In optimization, maximum likelihood estimation and maximum a posteriori estimation, which one to use, really depends on the use cases. If we know the probability distribution for both the likelihood probability $P(B | A)$ and the prior probability $P(A)$, we can use maximum a posteriori estimation.

However, in many practical optimization problems, we actually don’t know the distribution for the prior probability $P(A)$. Therefore, applying maximum a posteriori estimation is not possible, and we can only apply maximum likelihood estimation.
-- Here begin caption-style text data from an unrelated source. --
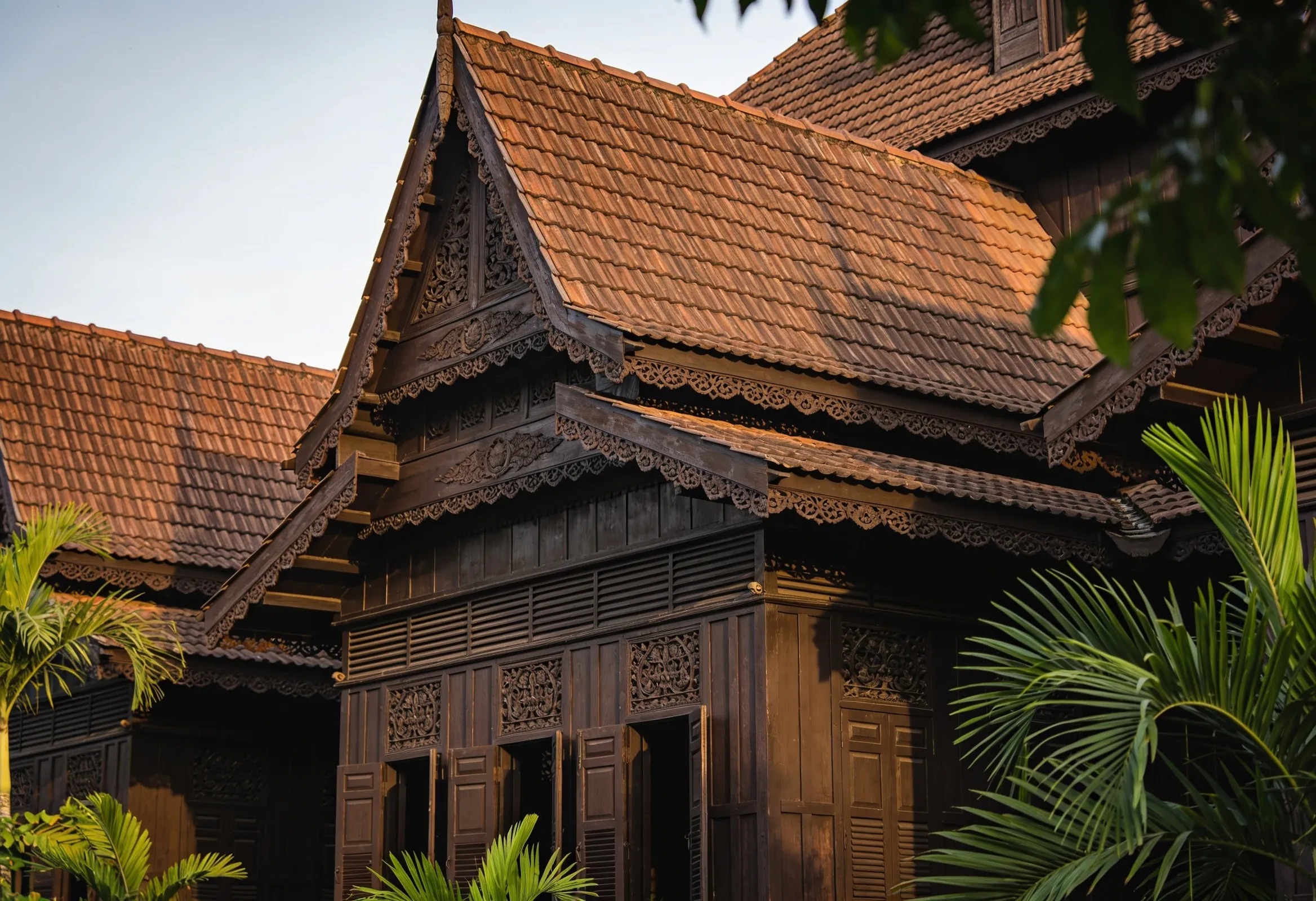 Morning light on the dark hand-carved timber facade and steep roof of Istana Jahar palace in Kota Bharu, a visitor in modest dress walking past at a distance, no identifiable faces in focus.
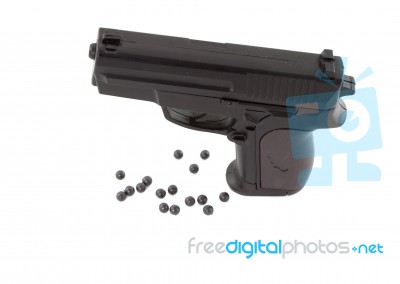 Pistol And Bullet Stock Photo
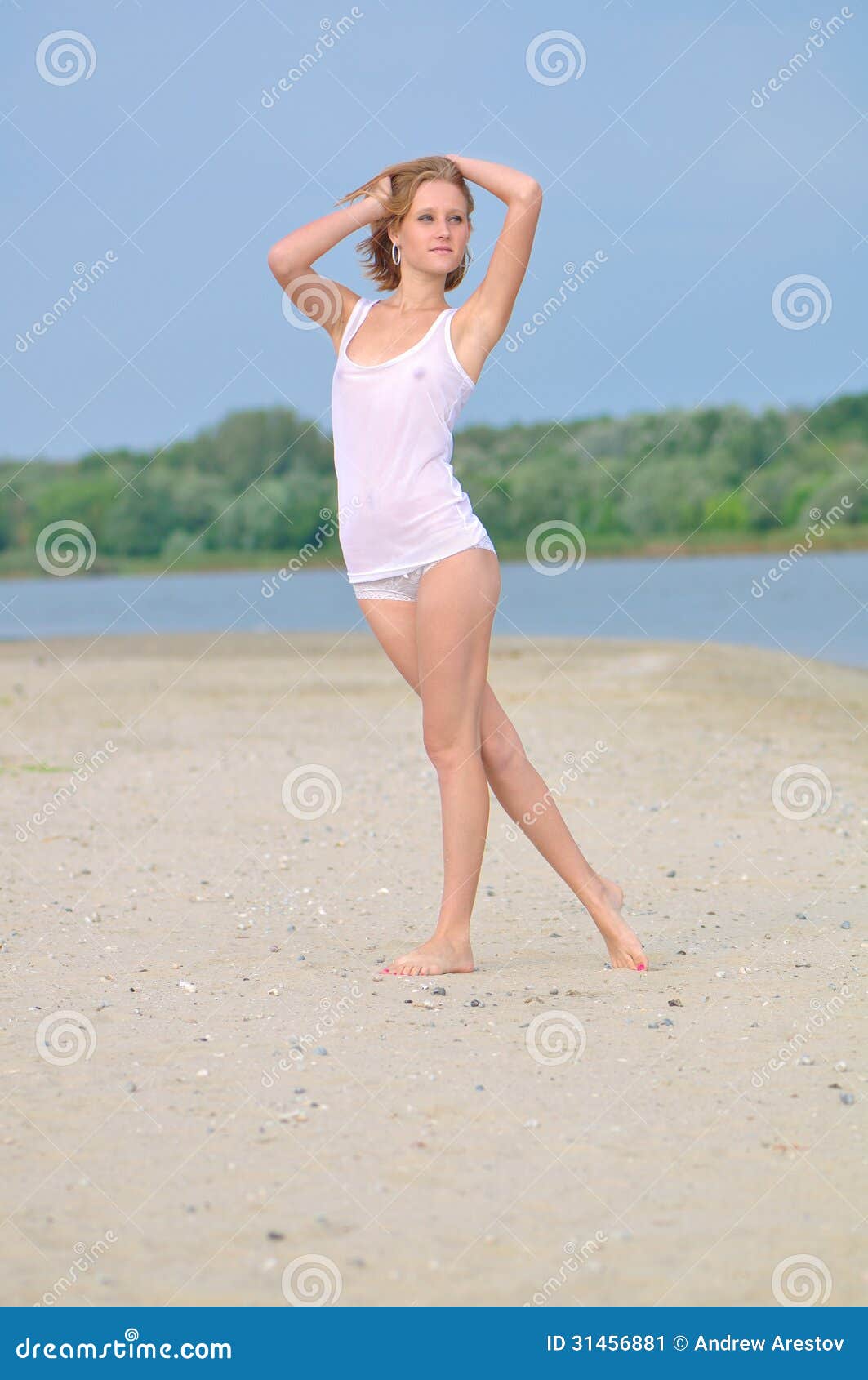 Girl in Lingerie Walking Along the Sandy Beach Stock Image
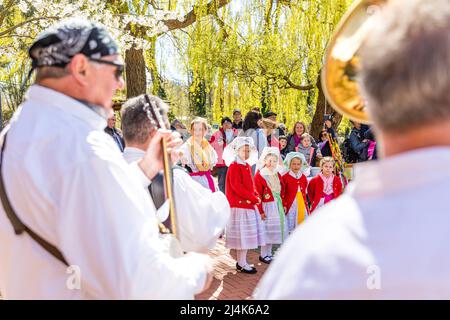 16. April 2022, Brandenburg, Lübben: Kinder der Kita Spreewald und der Liuba-Grundschule in Lübben stehen mit ihrem Lehrer in traditioneller Spreewald-Tracht bei der Übergabe des Rudel am Lübbener Hafen. Traditionell wird am Osterwochenende in Lübben der "Frühlingsbeginn" gefeiert. Am Hafen findet die rudel- und Paddelübergabe zum offiziellen Start der Saison der Kahn- und Paddelboote statt. Ein rudel ist eine hölzerne Vorrichtung, die von Bargemen benutzt wird, um ihren Lastkahn durch die Wasserwege des Spreewalds zu bewegen. Diese Aktivität wird als „Aufnahme“ bezeichnet. Foto: Frank Hammerschmidt/dpa Stockfoto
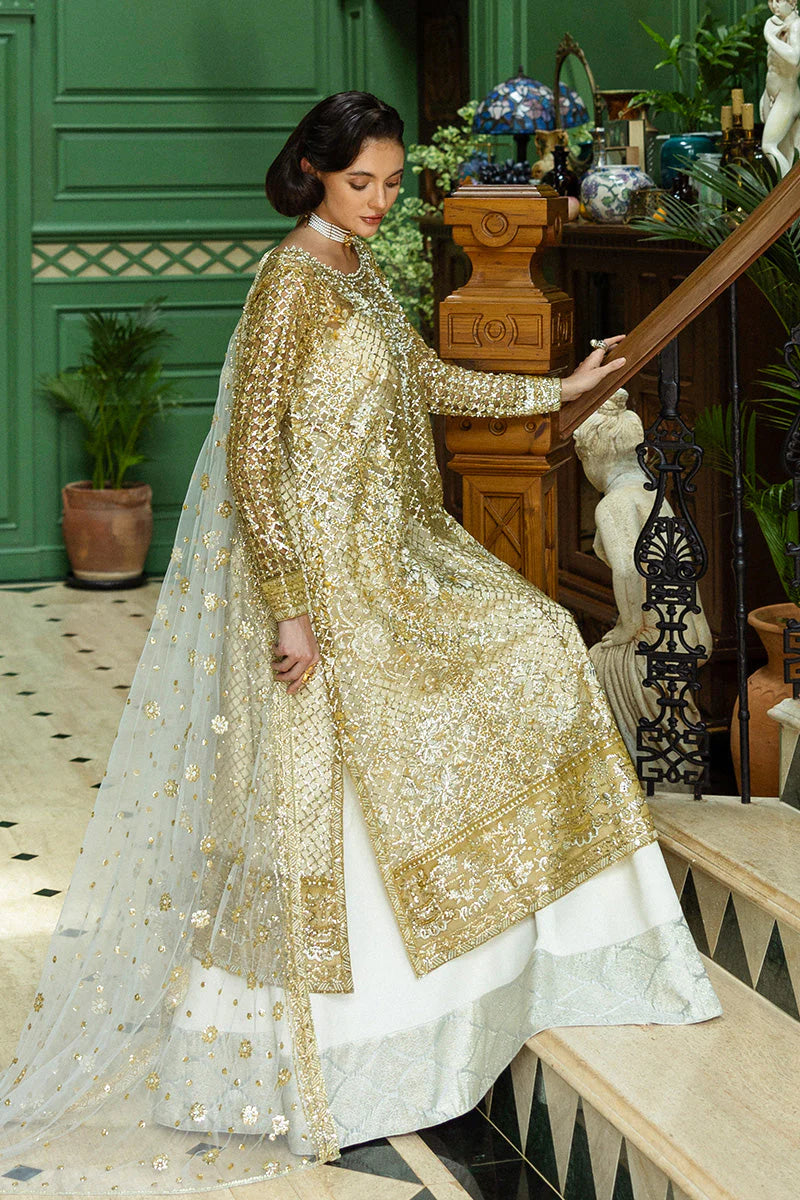 Model wearing gold and silver embellished dress from Mushq Only You, Pakistani luxury pret ideal for weddings, shop online in UK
For example, suppose we are going to find the optimal parameters for a model. In the model, we have parameter variables $\theta$ and data variables $X$. Given some training data $\{x_1, x_2, \cdots, x_N \}$, we want to find the most likely parameter $\theta^{\ast}$ of the model given the training data. Mathematically, it is essentially maximum a posteriori estimation and it is expressed as

\[\begin{align} \theta^{\ast} &= \argmax_{\theta} \prod_{i=1}^{N} P(\theta | X = x_i) \\ &= \argmax_{\theta} \log \prod_{i=1}^{N} P(\theta | X = x_i) \\ &= \argmax_{\theta} \sum_{i=1}^{N} \log P(\theta | X = x_i) \\ &= \argmax_{\theta} \sum_{i=1}^{N} \log \Big( P(X = x_i | \theta ) P(\theta) \Big) \\ &= \argmax_{\theta} \sum_{i=1}^{N} \Big( \log P(X = x_i | \theta ) + \log P(\theta) \Big)\\ &= \argmax_{\theta} \Bigg( \bigg( \sum_{i=1}^{N} \log P(X = x_i | \theta ) \bigg) + N \log P(\theta) \Bigg) \\ \end{align}\]As been discussed previously, because in many models, especially the conventional machine learning and deep learning models, we usually don’t know the distribution of $P(\theta)$, we cannot do maximum a posteriori estimation exactly. However, we can still do maximum likelihood estimation by assuming $P(\theta)$ is uniform distribution. Then

\[\begin{align} \theta^{\ast} &= \argmax_{\theta} \sum_{i=1}^{N} \log P(X = x_i | \theta ) \\ &= \argmax_{\theta} \prod_{i=1}^{N} P(X = x_i | \theta ) \\ \end{align}\]This is why we often see maximum likelihood estimation, rather than maximum a posteriori estimation, in conventional non-probabilistic machine learning and deep learning models.